Allah’ın Kâinatta Koyduğu Sebep-Sonuç Düzeni
Allah, kâinatta meydana gelecek tüm olayları belli sebeplere bağlamıştır. Hem dünyada hem de içinde yaşanılan evrendeki her şey, Allah’ın koyduğu sebep-sonuç (kanun ve kural) ilişkilerine göre şekillenir.
Fiilî Dua: Sebeplere Sarılmak
Arzu ettiği bir şeyin olmasını isteyen kişi, onun sebeplerini de yerine getirmek zorundadır. Örneğin, çocuk sahibi olmak isteyen kişinin evlenmesi, sınavda başarılı olmak isteyen öğrencinin derslerine çalışması fiilî dua sayılır.
Kişi, Allah’tan istediği şeyin gerçekleşmesi için Allah’ın kendisine öğrettiği sebepleri ve kanunları elinden geldiği kadar yerine getirip tamamlar, sonucunu da Allah’tan bekler. Kur’ân-ı Kerîm’de bu husus şöyle ifade edilmiştir:
“İnsan için ancak çalışmasının karşılığı vardır.” (en-Necm, 53/39)
Bu âyette, insanların çalışmaları ile alacakları sonuç arasındaki ilişkiye dikkat çekilmiş ve bu çalışmanın fiilî bir dua manasına geldiğine işaret edilmiştir.
Fiilî Dua ile Sözlü Duanın Dengesi
Hayvanı hasta olan ve iyileşmesi için sadece dua eden birisine söylenen “Duana biraz da katran ilacı ekle” sözü, fiilî dua için güzel bir örnektir.

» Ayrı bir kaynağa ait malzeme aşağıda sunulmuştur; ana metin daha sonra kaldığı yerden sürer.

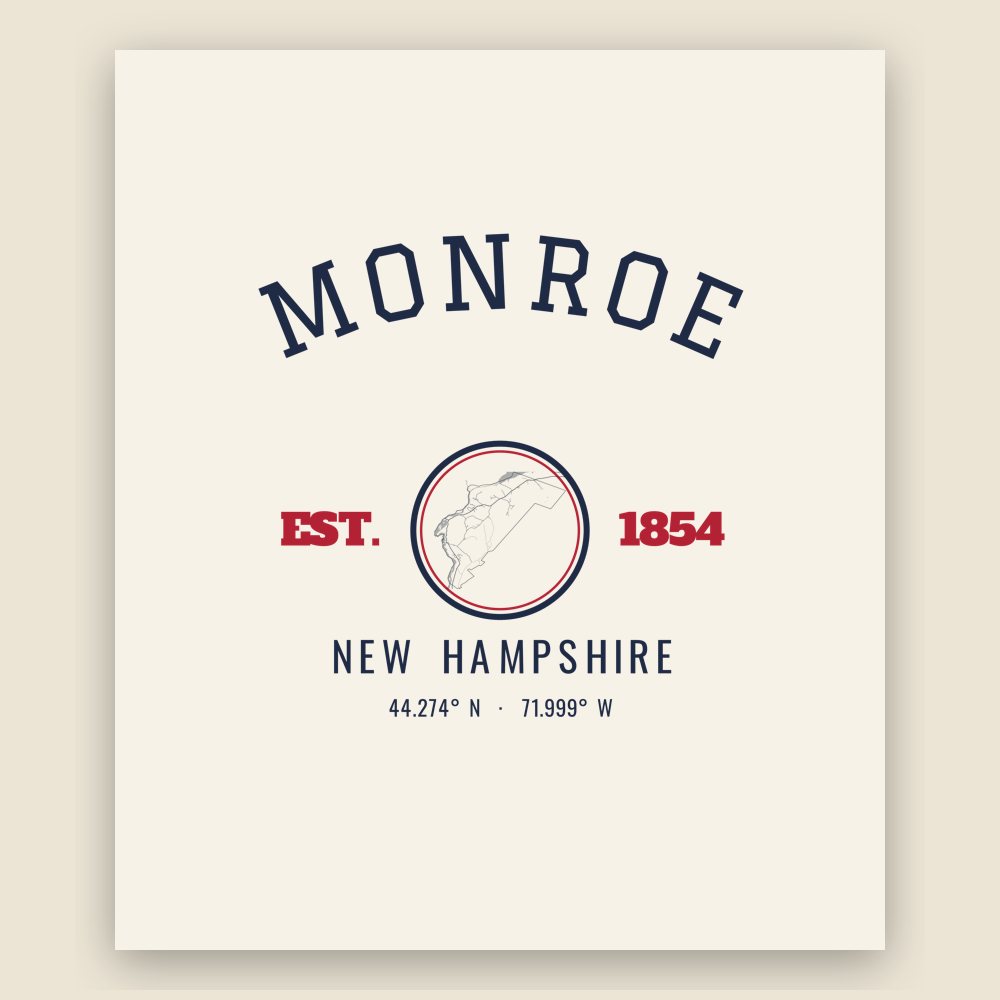 Monroe Est. Tumbler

Bir işin gerçekleşmesi için sadece dua edip oturan insanın yapmış olduğu hareket ne kadar yanlış ise, tüm çalışmaları yapıp gerekli tedbirleri aldıktan sonra “Bu işi ben tamamladım.” diyerek sözlü dua etmeyenin yapmış olduğu davranış da o derece yanlıştır.